41. In exchange for bribes, Defendant Racketeer John E. Steele silenced the Plaintiffs and kept

them away from the Court:

a. Disallowed the Plaintiffs to assert the truth and conclusive public record evidence;
b. Removed Plaintiffs’ State action to Federal Court;
c. Removed and destroyed Plaintiffs’ State Court records;
d. Unlawfully sanctioned and punished the Plaintiffs;
e. Arbitrarily & capriciously denied the Plaintiffs equal electronic court access;
f. Illegally enjoined the Plaintiffs from filing their pleadings;
g. Rejected Plaintiffs’ pleadings;
h. Caused the Def. Clerk to alter and destroy Court records and crime evidence;
i. Retaliated against the Plaintiffs;
j. Caused the Def. U.S. Marshal to threaten, intimidate, and harass the Plaintiffs.

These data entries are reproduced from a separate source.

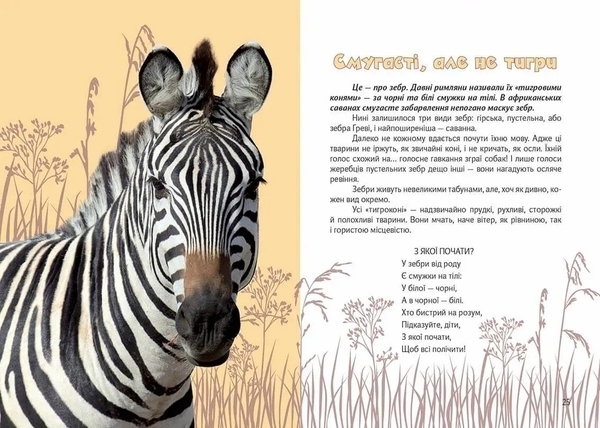 Вусохвості й лапокрилі. Читанка про тварин - Верховень В.М. - Pampik - 3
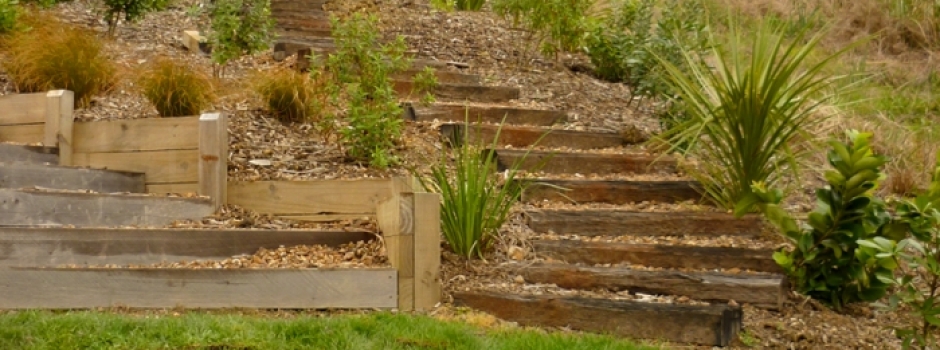 Project Three Image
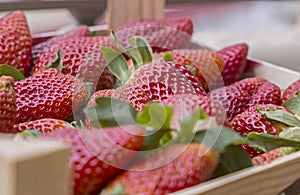 Natural background of red strawberries on the table ready to eat photo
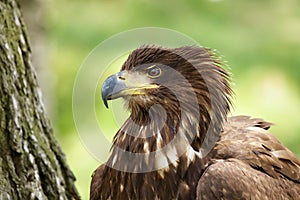 The white tailed eagle photo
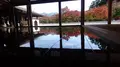宝徳寺の写真_239873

CONSPIRACY TO OBSTRUCT JUSTICE & PERPETRATE FRAUD ON THE COURTS


42. Defendant John Edwin Steele conspired with, e.g., Defendant Crooked U.S. Judge Charlene
E. Honeywell and other Officials to shut up the Plaintiffs by criminal and illegal means of,
e.g.:

a. Enjoining Plaintiffs from filing their pleadings [“Pre-filing injunction”];


b. Destroying Plaintiffs’ pleadings
c. Rejecting Plaintiffs’ pleadings;
d. Falsifying a “regulation”;
e. Fabricating “law”;
f. Concocting a fictitious involuntary title transfer to Lee County absent any court
judgment.
FINAL 06/11/2009 MANDATE

43. The 11th Circuit decided Case 2008-13170-BB by opinion entered on “03/05/2009”. On

06/11/2009, the Defendant Clerk of said Appellate Court filed the mandate, which consisted

of a copy of the opinion and a judgment that had been drafted and signed by a Clerk of said

Court, and directions as to costs in the amount of $24.30. See Fed.R.App.P. 41.

44. The Clerk of the Court signed her name on a copy of the judgment, which was stamped

"ISSUED AS MANDATE 06/11/2009" and CLOSED SAID CASE on 06/11/2009.